A proposed amendment to the state constitution tweaking the right to privacy sparked a debate over abortion when pro-choice advocates argued the new language would weaken access to the procedure.
The issue came up Wednesday during a committee meeting of the Constitution Revision Commission, which is reviewing and considering changes to the state’s governing document.
The proposed amendment would clarify that the right to privacy in the state applies to “privacy of information and the disclosure thereof.”
But the current privacy provision is also the basis for a landmark 1989 Florida Supreme Court decision that said it’s unconstitutional to require parental consent before a minor can get an abortion.
Pro-choice advocates were quick to note how changing this part of the constitution would affect women’s reproductive rights. Barbara DeVane, a Florida lobbyist for the National Organization for Women, said the change would “chip away” privacy provisions that courts have relied on when it comes to abortion cases.
During the workshop, Commissioner Erika Donalds engaged DeVane on her views of the proposal and asked if she cared about how children would be affected concerning their privacy rights.
“Well, I am concerned about young girls who are raped,” DeVane said.
Donalds said the proposal “would not affect” a woman’s right to an abortion, but instead would help protect children and minors who need parental involvement when seeking such a medical procedure.
Commissioner John Stemberger, an attorney and president of the conservative Florida Family Policy Council, is the sponsor of the proposal.

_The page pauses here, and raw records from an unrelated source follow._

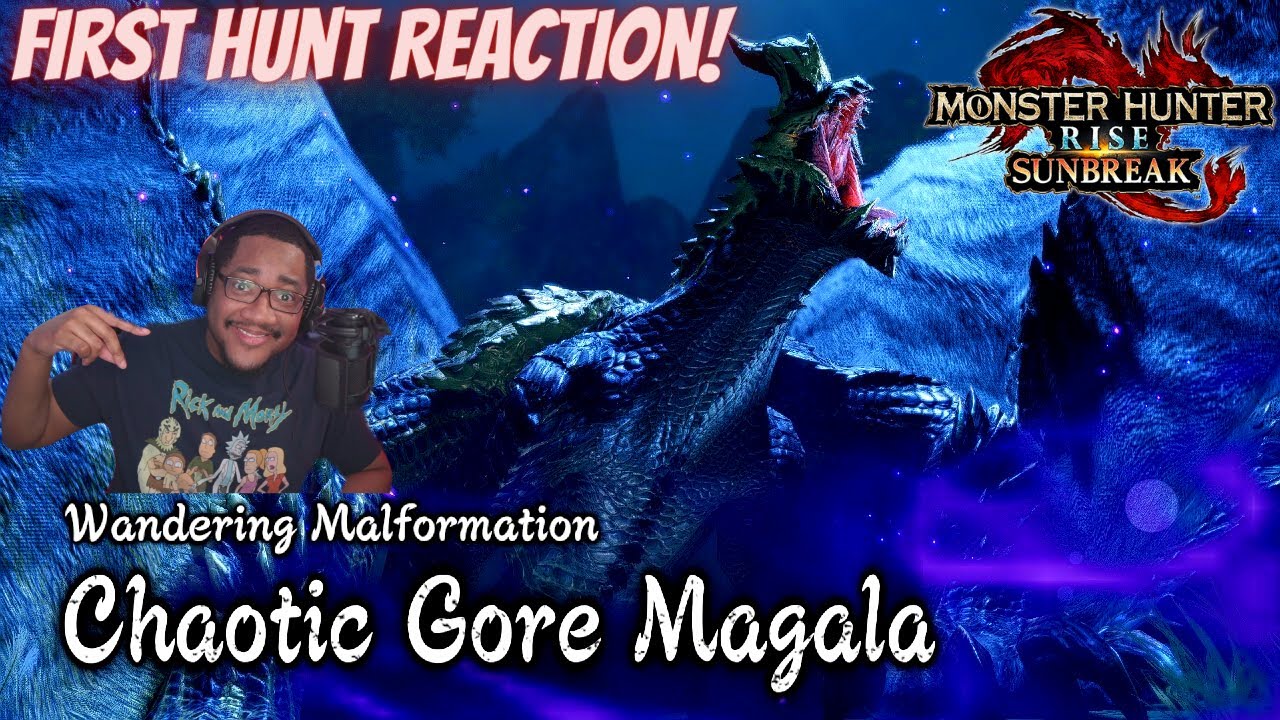 Chaotic Gore Magala Intro and First Hunt Reaction | Monster Hunter Rise Sunbreak Title Update 3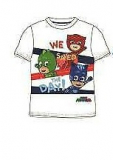 T-shirt PJ Masks  Weiss 98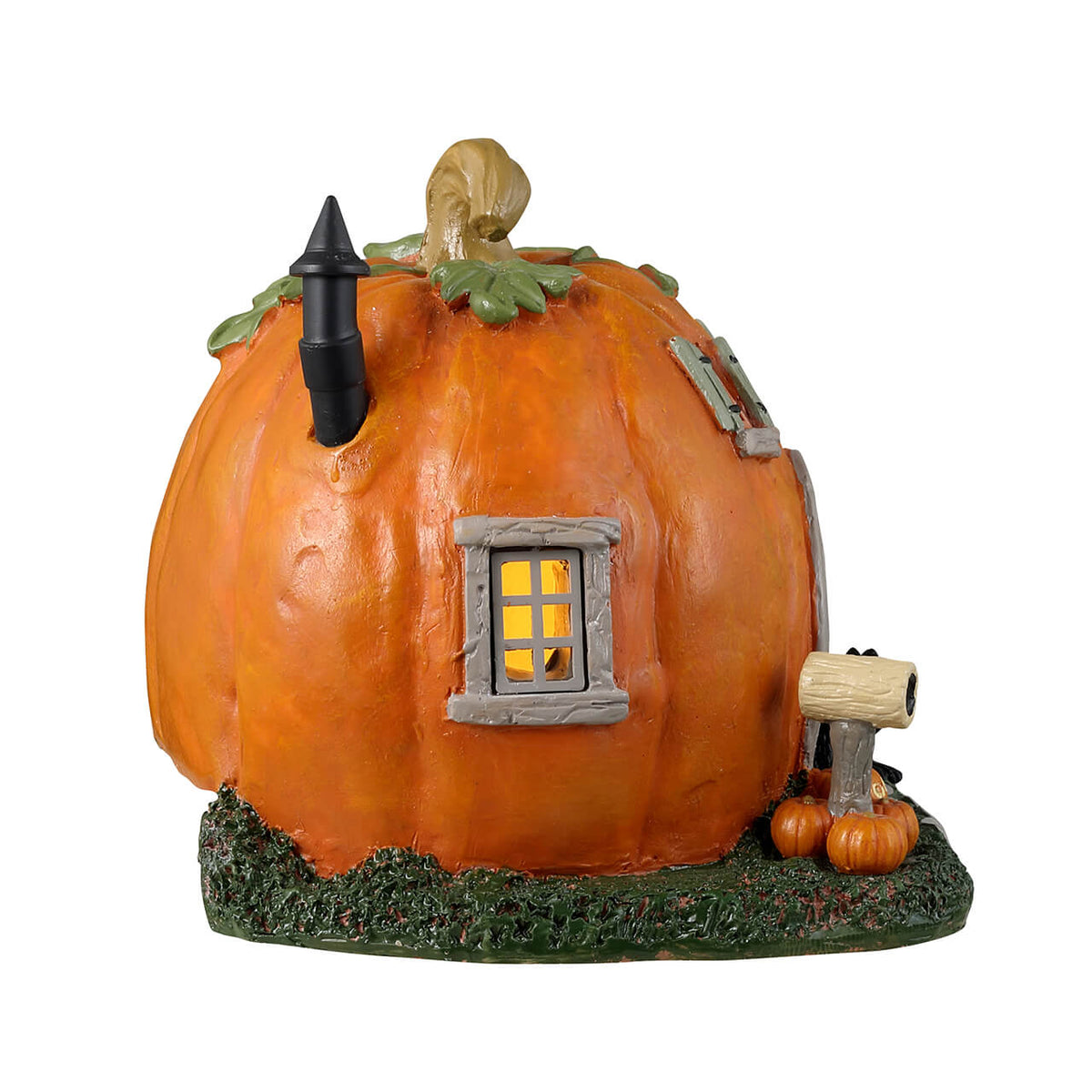 Lemax Pumpkin Cottage Lighted Table Accent #34082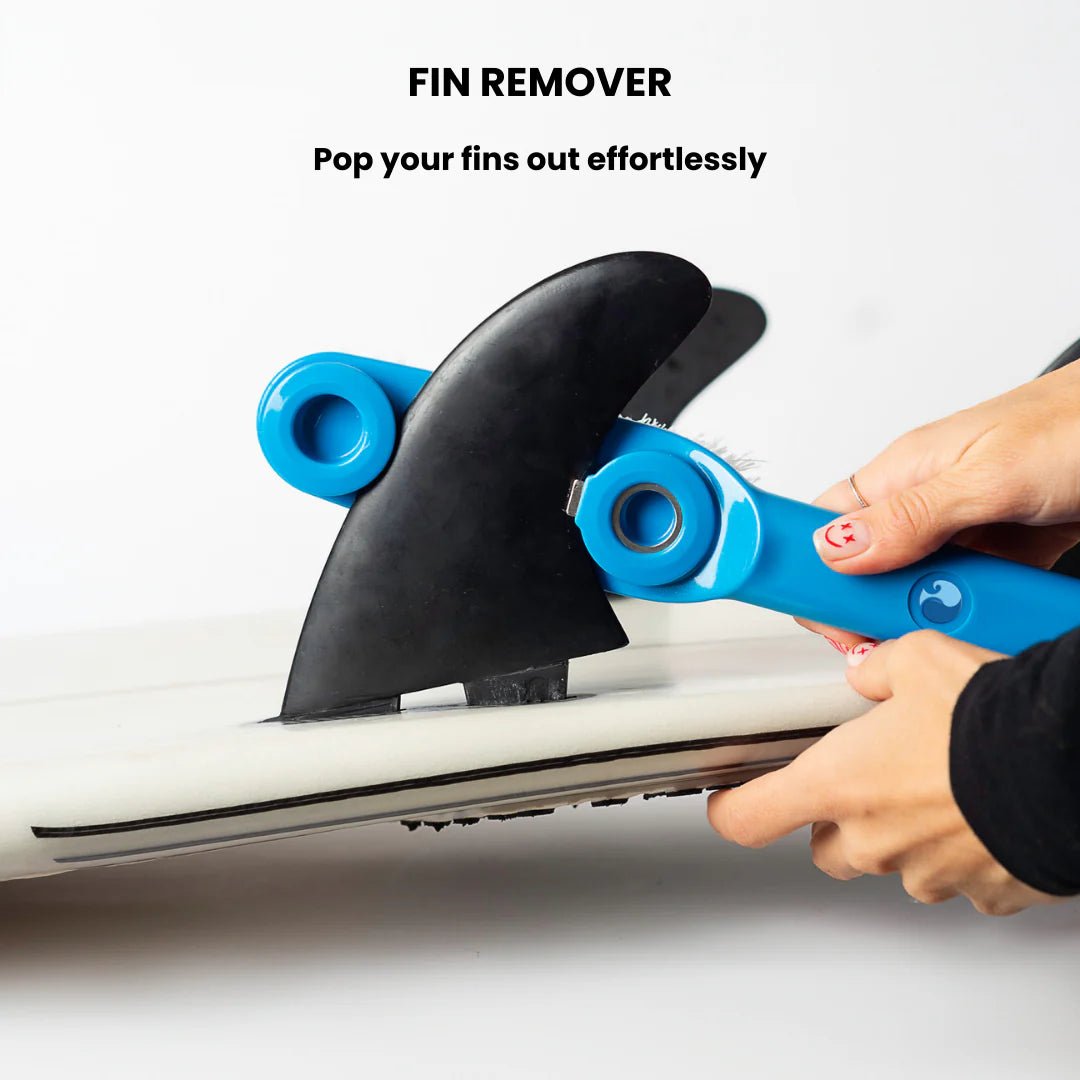 LISS "The Clean Fin" Tool, Surf Brush, Wax Remover, Bottle Opener - Soul Performance Surf & Skate - LISS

It’s been scrutinized by the First Amendment Foundation, which said in a letter this week it would have a “dramatic” impact on the constitutional right of access to public records.
The workshop featured two guest speakers, former Florida Supreme Court Chief Justice Major B. Harding and Sandy D’Alemberte, former president of and law professor at Florida State University.
The proposal has been filed, but has not yet been referred to any committees. If approved by the full commission, it would go on the November 2018 ballot and would need 60 percent approval by voters.
“I urge you to preserve this right in the Florida Constitution,” DeVane said. “But if this goes on the ballot, once again, the people — the women in this state — we will prevail.”